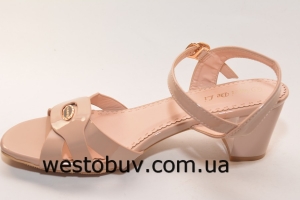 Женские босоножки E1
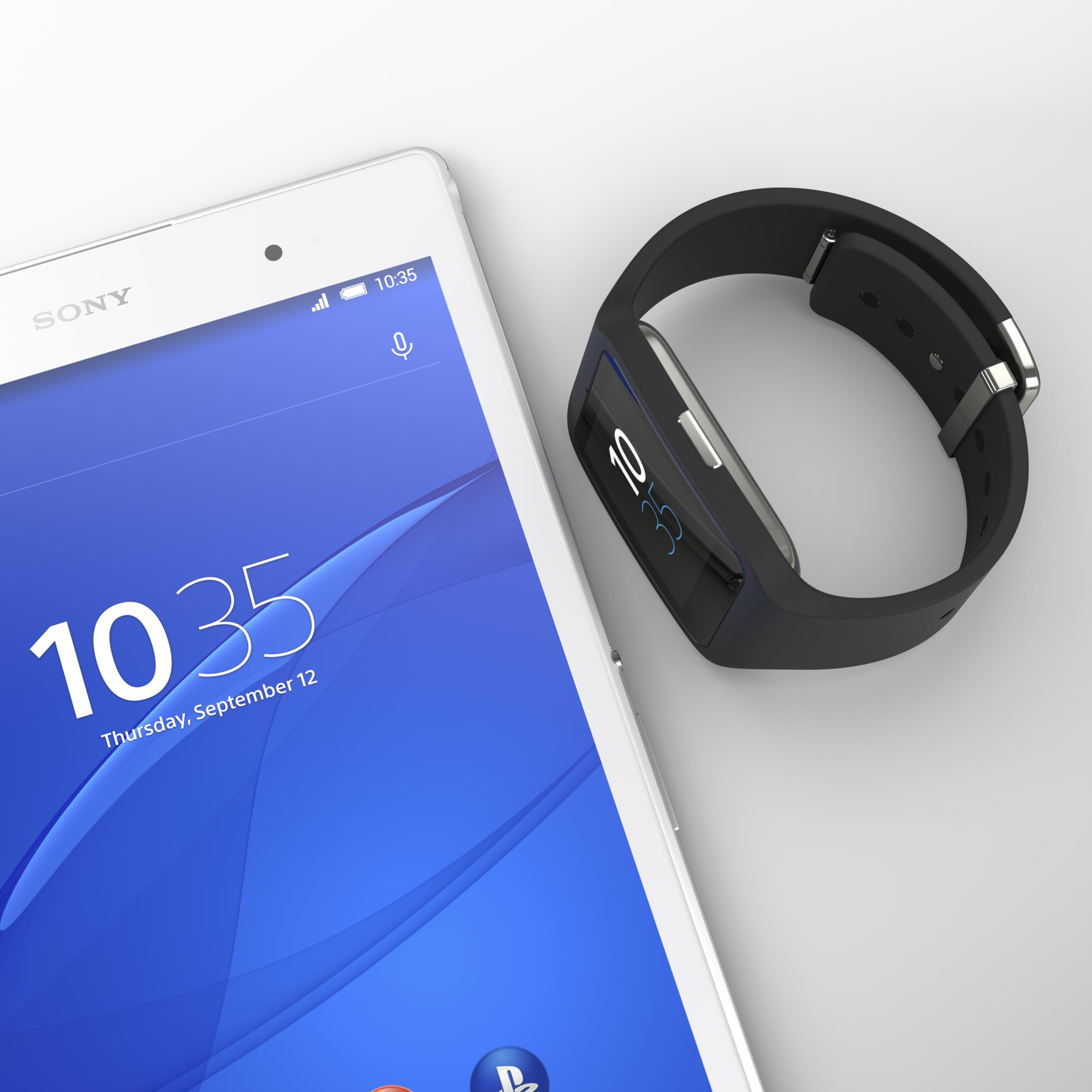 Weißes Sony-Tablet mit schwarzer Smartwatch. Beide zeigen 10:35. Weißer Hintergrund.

* * *

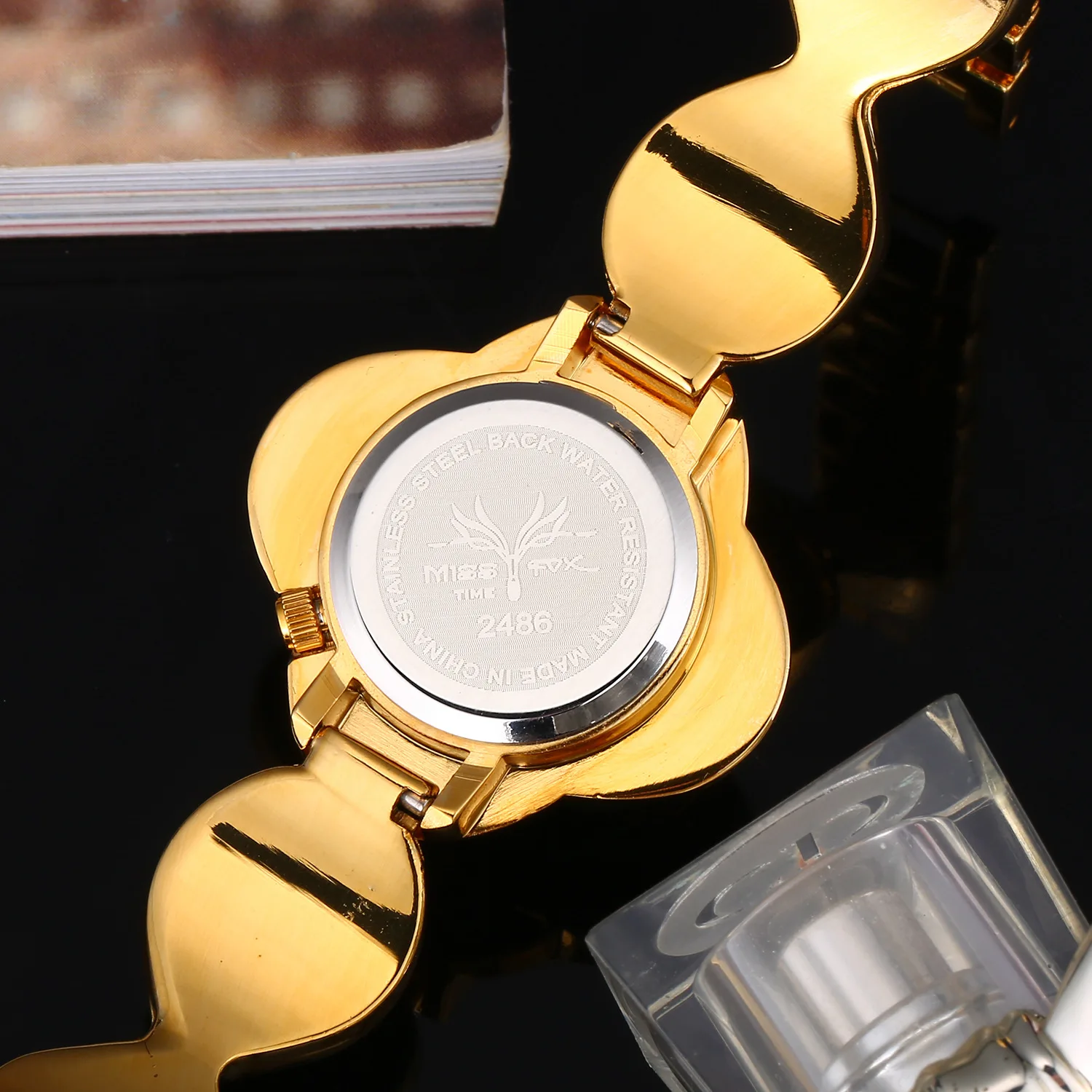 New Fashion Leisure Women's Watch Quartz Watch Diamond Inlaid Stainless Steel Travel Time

# About this task
Leave out every picture, and copy exactly the lines above starting at the one holding "Женские босоножки E1" and ending at the one holding "Weißes Sony-Tablet mit", no more and no less.

# Result of the task
 Женские босоножки E1
 Weißes Sony-Tablet mit schwarzer Smartwatch. Beide zeigen 10:35. Weißer Hintergrund.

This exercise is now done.